Perhaps Ginther is simply the luckiest person on earth. (She has refused almost all requests from journalists for comment.) While the lotteries are extremely rigorous about various aspects of security, from the integrity of the latex to the cashing of tickets at stores, the industry appears to have not considered the possibility of plundering the games using the visible numbers on the ticket. For instance, when I contacted the North American Association of State and Provincial Lotteries, their security experts couldn't recall having heard of Mohan Srivastava or the broken Ontario games. This is one of the largest trade associations of lotteries in the world, and it had no recollection that at least a few of its games had been proven to be fatally flawed.
And this is why the story of the crackable tic-tac-toe tickets has larger significance. "The lottery corporations all insist that their games are safe because they are vetted by outside companies," Srivastava says. "Well, they had an outside auditor approve the tic-tac-toe game. They said it couldn't be broken.
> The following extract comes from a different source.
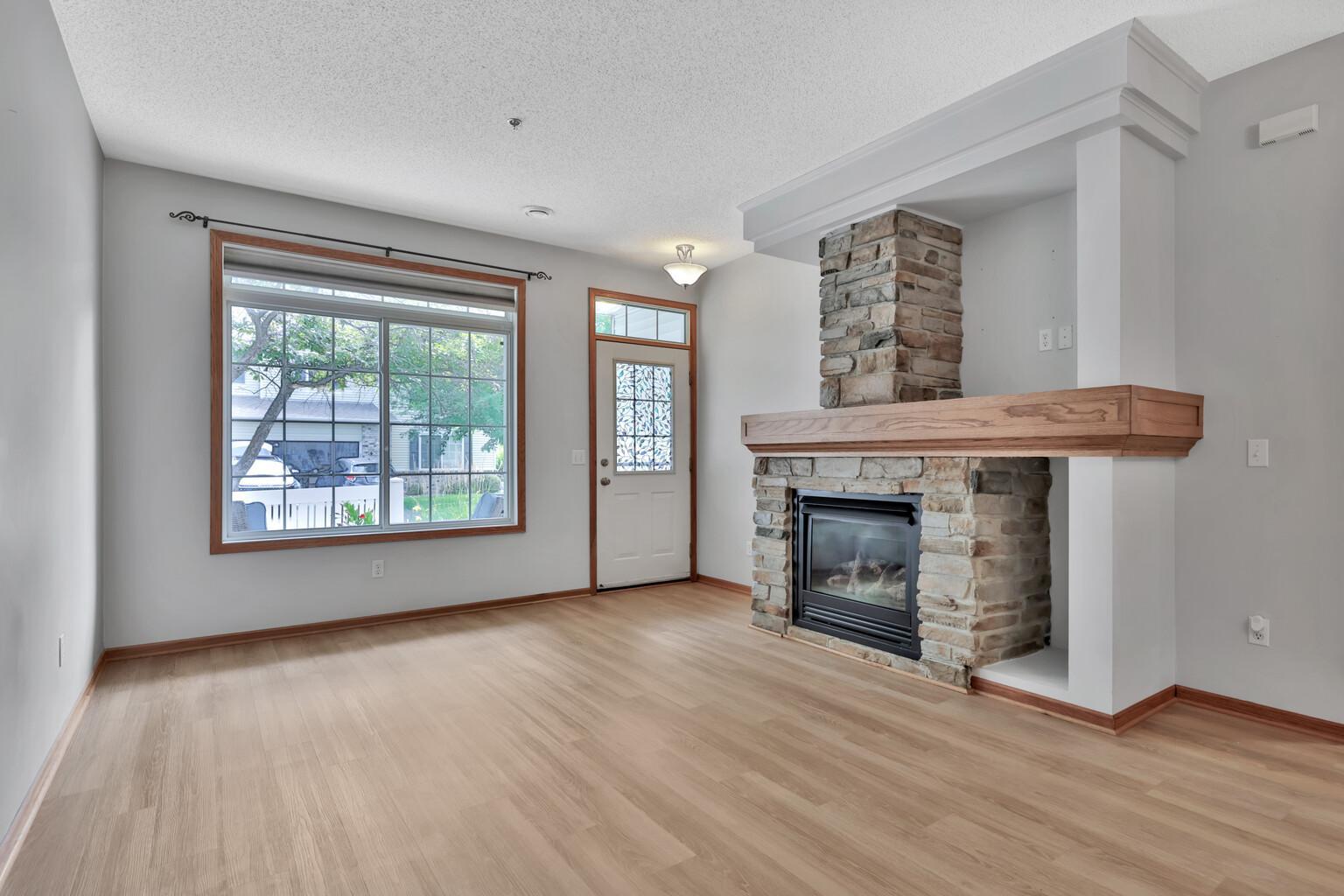 View of Residential at 750 Maple Hills Drive #B, Maplewood MN 55117, Maplewood (9 of 39) - Mike Wilen | Minnesota Team Real Estate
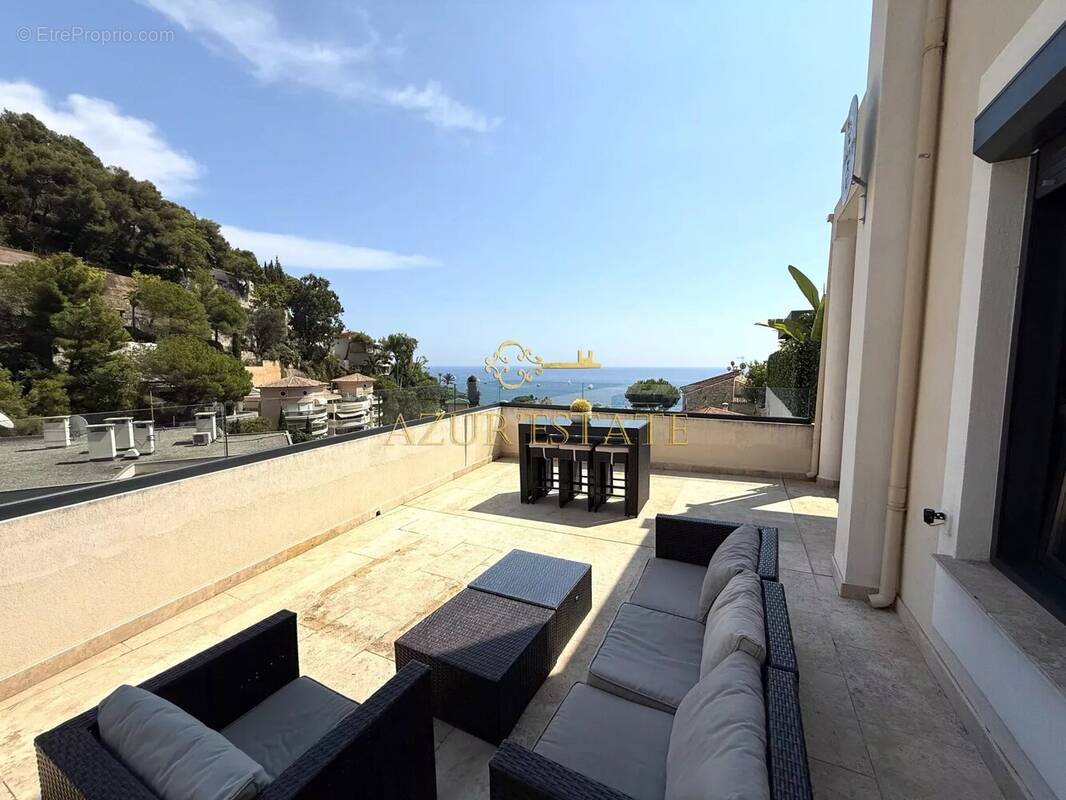Appartement à ROQUEBRUNE-CAP-MARTIN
But it could." Fundamentally, he believes that creating impregnable tickets is extremely difficult, if not impossible. "There is nothing random about the lottery," he says. "In reality, everything about the game has been carefully designed to control payouts and entice the consumer." Of course, these elaborate design elements mean that the ticket can be undesigned, that the algorithm can be reverse-engineered. The veneer of chance can be peeled away.
What's most disturbing, perhaps, is that even though Srivastava first brought these flaws to the attention of the authorities in 2003, they continue to appear. A few months ago, Srivastava bought some scratch tickets at convenience stores in Toronto. He started out with a Bingo ticket, which featured an elaborate hook. After a day of statistical analysis, Srivastava was able to double his chances of choosing a winning ticket. (Normally, 30 percent of the tickets feature a payout—he was able to select winners approximately 60 percent of the time.) "That might not sound very impressive, since I'm still going to buy plenty of losers," Srivastava says. "But it's a high enough percentage that one could launder money effectively." In one of his most recent trials, conducted at the request of Wired, Srivastava identified six unscratched tickets as probable winners out of a set of 20 cards. If the tickets were uncrackable, approximately two of them should have been winners. Instead, Srivastava ended up with four. The odds of this happening by chance are approximately one in 50. And yet he's done it multiple times with a variety of Bingo and Super Bingo games. (An Ontario Lottery spokesperson says they're unaware of the issue.)
How did he do it? He used a version of the frequency trick. The number of times a digit appeared on the baited hook revealed crucial information about the bingo numbers underneath the latex coating. Srivastava could tilt the odds in his favor, like a gambler counting cards in a casino.
The fact that these games can be manipulated, that a geological statistician can defeat their algorithm, seems to undercut a crucial part of the lottery's appeal. Everybody knows that the chances of winning a big payday are minuscule, a tiny 1 in front of an awful lot of zeros. But we play anyway, because hope is an irrational hunch. We assume that, even if the odds are stacked against us, we might get lucky. Today might be the day. And then, when the latex reveals a stack of losers, when we've lost our money yet again, we blame the fickleness of fate. But maybe our bad luck isn't the problem. Maybe we never win because someone else has broken the game.